» **ABOUT THIS TASK**
Of the lines in the material below, print only those from the one containing "Dark orange woven linen tissue silk saree" to the one containing "Detail showing six", ends included, exactly as written and without pictures.

» **DATA RECORDS**
════════════════════

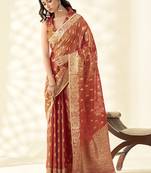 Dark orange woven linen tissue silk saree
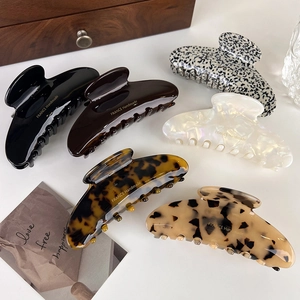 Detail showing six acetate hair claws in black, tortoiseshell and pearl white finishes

════════════════════

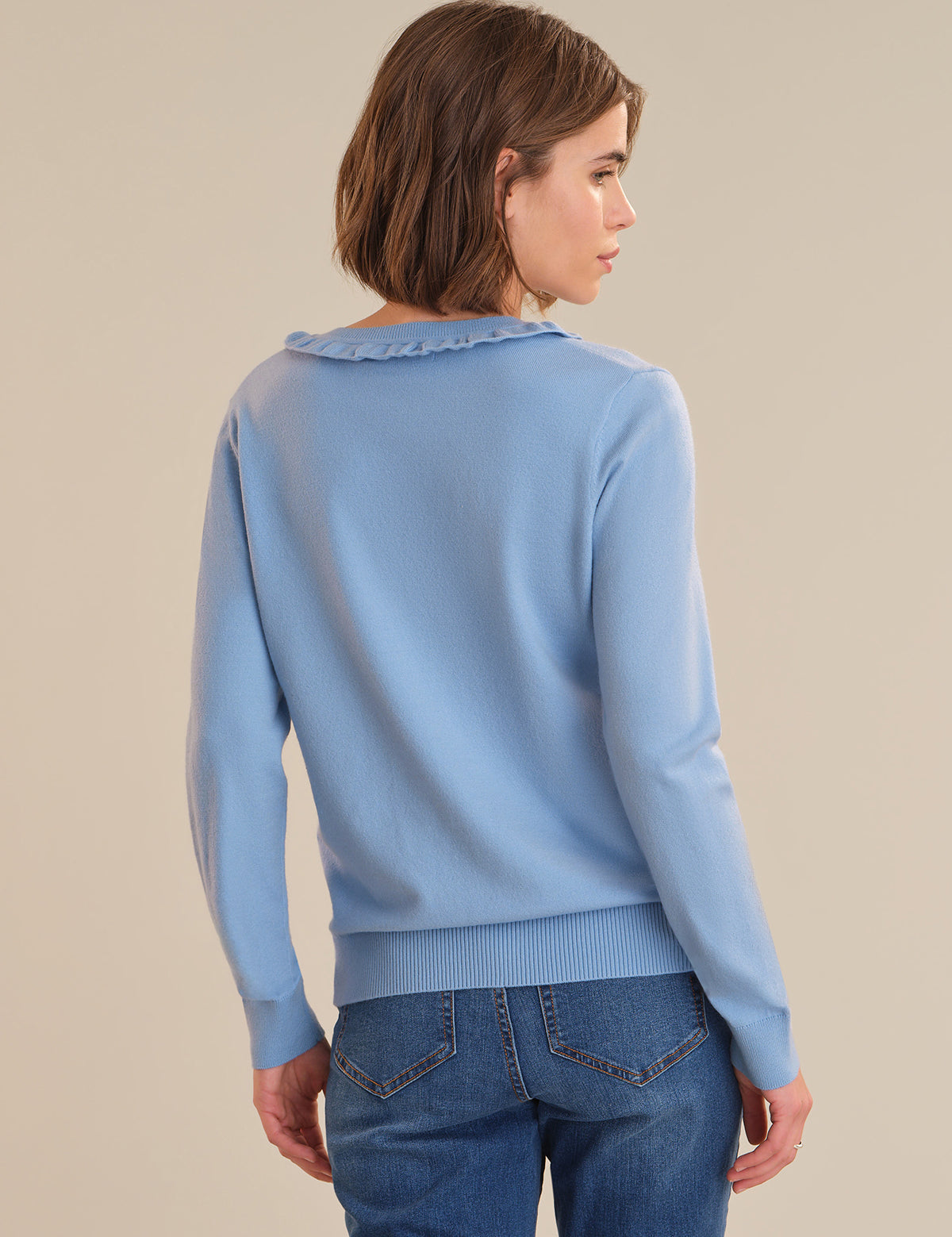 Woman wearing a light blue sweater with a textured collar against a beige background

════════════════════

» **ANSWER TO THIS TASK**
 Dark orange woven linen tissue silk saree
 Detail showing six acetate hair claws in black, tortoiseshell and pearl white finishes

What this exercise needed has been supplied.